Author Cathy Ace says she loves crime and that certainly comes out in her prolific writing.

For this interview with The Big Thrill, I started by asking her about the various series she has written and the old chestnut—does she have a favourite?

That’s a bit like asking a parent to name their favourite child! So, no, I don’t, although a​​​​​​t the moment I’m focused on The Cait Morgan Mysteries. My first novel was a Cait Morgan book, and the book I wrote this year is also one. She’s been “recuperating” from a rather traumatic event at the end of her eighth adventure, which was published in 2016. I was keen to bring her back, because she means so much to me…and, I’m pleased to say, to readers too. When I created Cait I knew I wanted to make a character with many aspects of my own background and upbringing. There aren’t a lot of Welsh working class female voices in crime fiction, and I wanted hers to be heard. I also wanted to take the chance to write about a woman who’s worked through some difficult personal and professional challenges, and has found a way to thrive, and be useful. Yes, they’re traditional mysteries which appear “light,” but there are themes I wanted to develop throughout the series which allow Cait to have several layers she might not be good at identifying in herself, but which inform her actions and reactions.

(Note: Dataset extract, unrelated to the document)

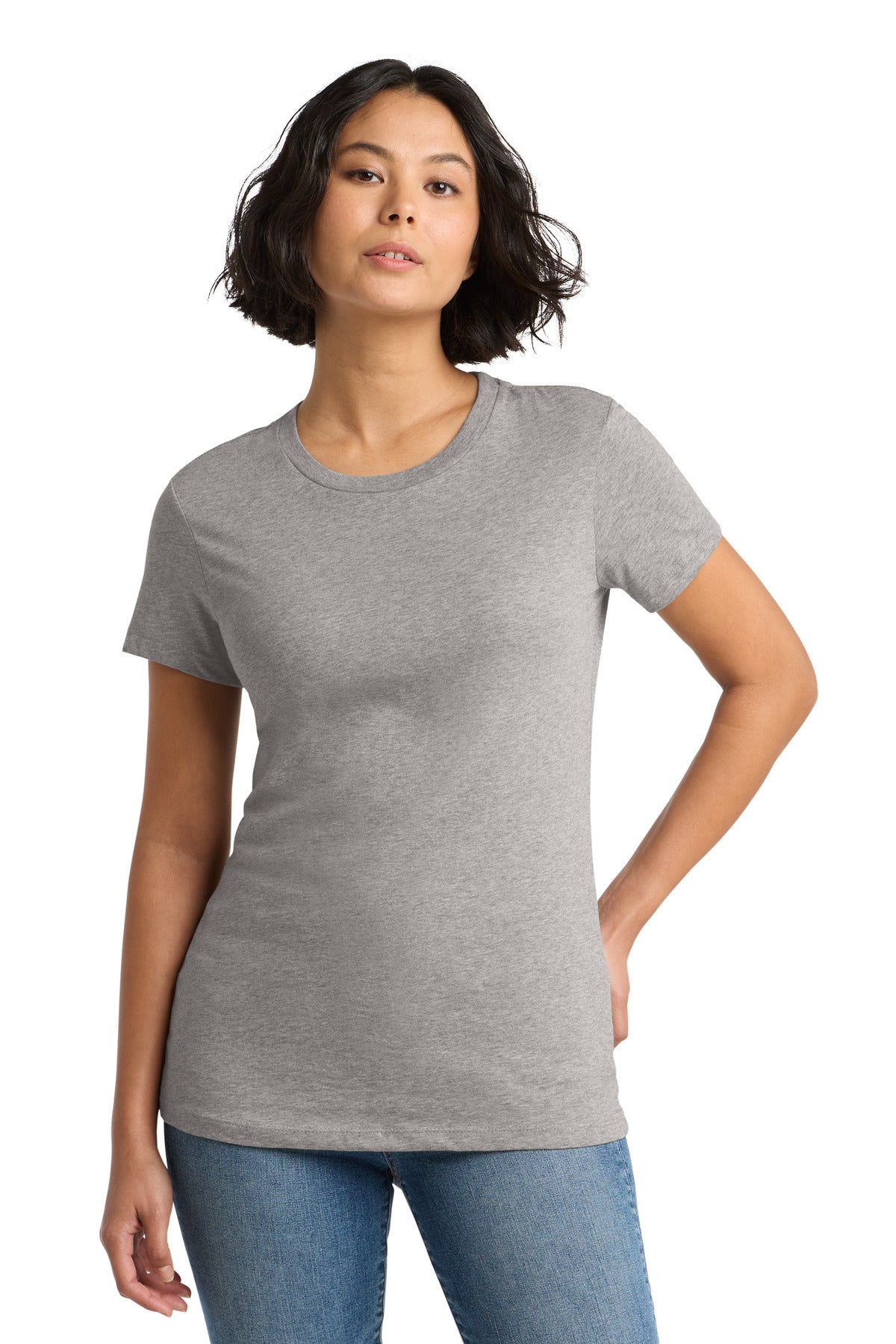 District ®  Women's Perfect Weight ® Tee. DM104L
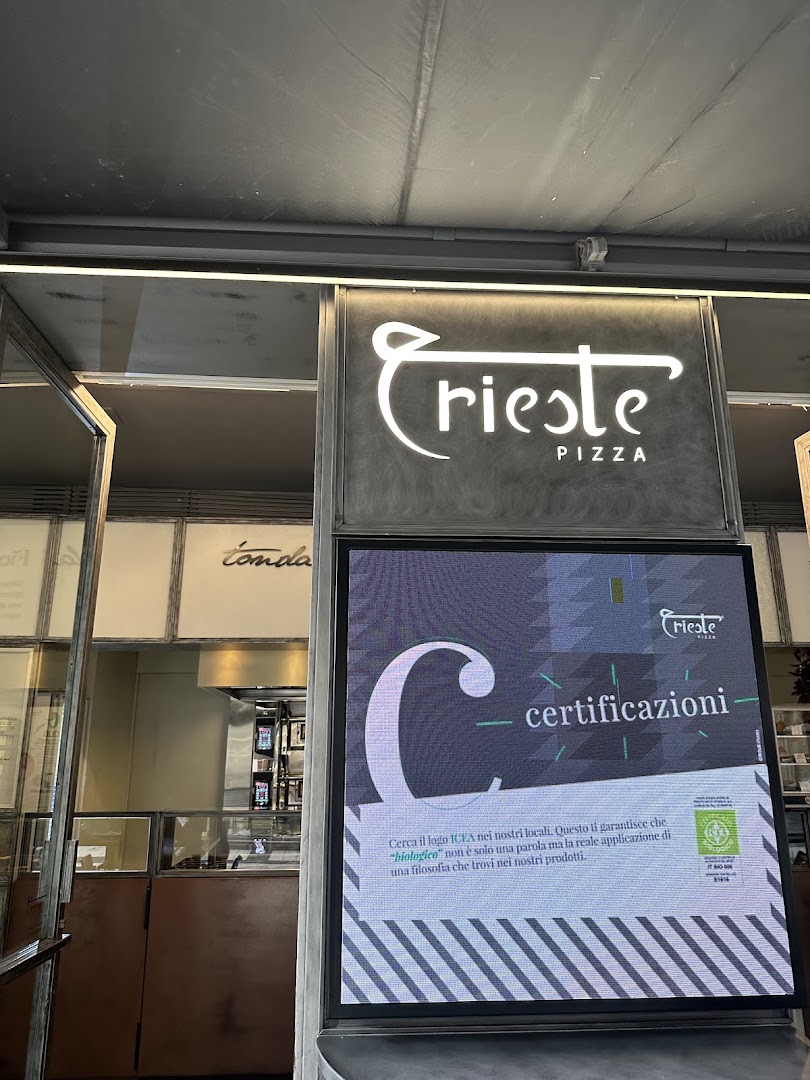 Trieste Pizza Via Firenze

The WISE Enquiries Agency has such a neat twist in terms of the personnel. What inspired it and how do you make sure it doesn’t get cliched?

With a Welsh woman who became an immigrant to Canada—like me—leading my Cait Morgan books, I decided I’d “return to my Homeland” for the WISE Enquiries Agency books. I also wanted to examine the way in which women can successfully work as a team, without jealousy or petty bickering getting in the way. The idea to have one Welsh, one Irish, one Scottish, and one English woman featured, hence WISE, allows me to examine the natural and inevitable companionship and rivalry every Brit knows exists between the original Four Home Nations of the annual rugby union challenge.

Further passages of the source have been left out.